Di akhir musim 2010/2011 krisis ini mencapai puncaknya. Gaji pemain telat dibayarkan, bahkan isu boikot pertandingan senter terdengar dari para punggawa Singo Edan. Kondisi ini juga memiliki andil terbelahnya Arema. Karena saat itulah orang-orang yang menilai dirinya bertanggung jawab kepada Arema membuat keputusan yang berbeda. Aktornya adalah Rendra Kresna dan M. Nur.
Rendra Kresna yang semula menjabat sebagai Bendahara Yayasan, dikabarkan diangkat menjadi Pembina Yayasan bersama pengusaha PT Anugerah Citra Abadi, Iwan Kurniawan (ia dikenal juga dengan sebutan Iwan KT). Pengangkatannya terjadi usai rapat pengurus yayasan yang digelar oleh Pengawas Yayasan, Bambang Winarno di Pendopo Pemerintah Kabupaten Malang pada Minggu, 29 Mei 2011. Rapat tersebut juga dikabarkan dihadiri oleh Ketua Yayasan M. Nur. Namun, belum sempat perubahan ini didaftarkan ke Menkumham, M. Nur membuat keputusan kontroversi: ia mengangkat Eddy Rumpoko sebagai Pembina Yayasan Arema. Runyam!
Pemain mungkin bisa sedikit merasa lega karena koalisi M. Nur dan Eddy hadir dengan membawa dana untuk melunasi gaji pemain yang tertunda. Tapi hal ini tidak terjadi di jajaran yayasan. Karena seperti dilansir kompas.com dana yang dibawa M. Nur ternyata tidak atas persetujuan pengurus atau pembina yayasan. Hal itu membuat dirinya diberhentikan sementara oleh Pengawan Yayasan Arema karena dianggap melanggar UU Nomor 16 Tahun 2001 tentang Yayasan. Bukan hanya itu M. Nur juga dinilai lalai dari tanggung jawab karena Bambang mencatat selama 10 bulan, Nur tidak pernah ke kantor untuk mengurus Arema.
Pada 14 Agustus 2011 sebuah kabar baik datang: Eddy Rumpoko bersatu dengan Rendra – Iwan.

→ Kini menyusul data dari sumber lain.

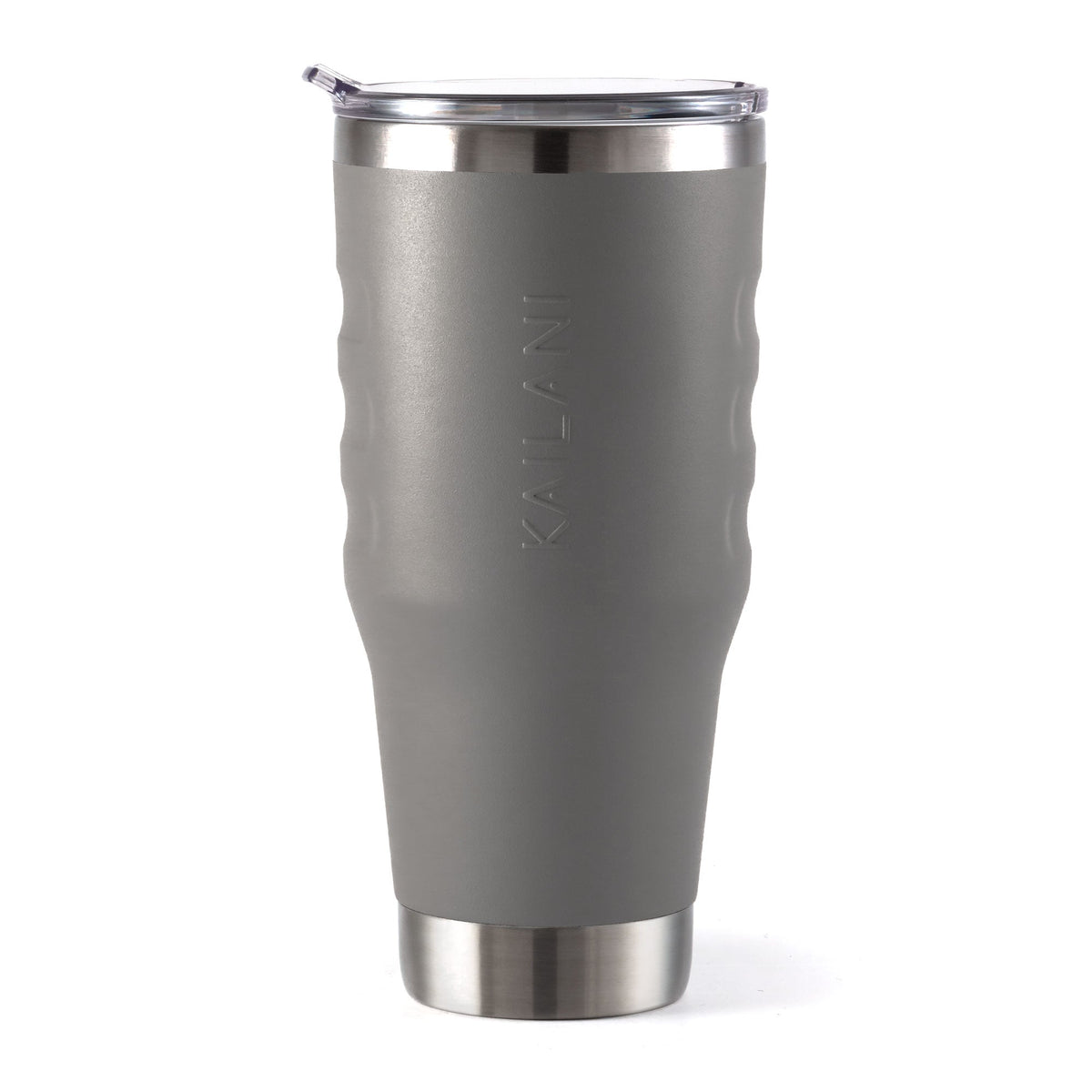 Kailani KOPE Tumbler 24 oz (709 ml)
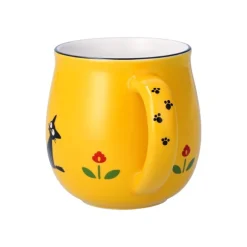 Mug Osono - Kiki la petite sorcière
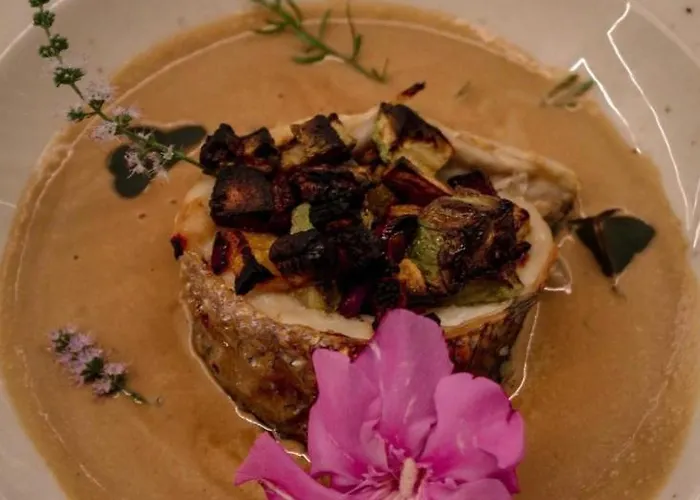 Frojd - Front 酒店 4*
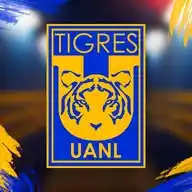 Club Tigres WhatsApp Channel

Ketiga orang ini menyatakan diri sebagai Pembina Yayasan Arema dalam sebuah konfereni pers di Cafe D’Live, Malang. Namun, lagi-lagi perubahan ini tak terdaftar dalam Kemenkumham. Hal ini membuat legalitas mereka dipertanyakan. Meski begitu, mereka mendapatkan penyokong dana untuk Arema. Mereka membawa Iwan Budianto (IB) yang didukung Bakrie Group untuk mendanai Arema di kompetisi selanjutnya. IB juga dikabarkan melunasi sisa 2,5 bulan gaji pemain Arema untuk musim 2010/2011 yang tertunggak.
***
Tulisan ini disusun pada pertengahan Februari 2017 dan dirangkum dari berbagai sumber. Penyajian tulisan ini sebagai catatan dan pengingat untuk penulis (mungkin juga Aremania dan pecinta sepakbola Indonesia) atas proses yang terjadi di tubuh Arema hingga menjadi dua.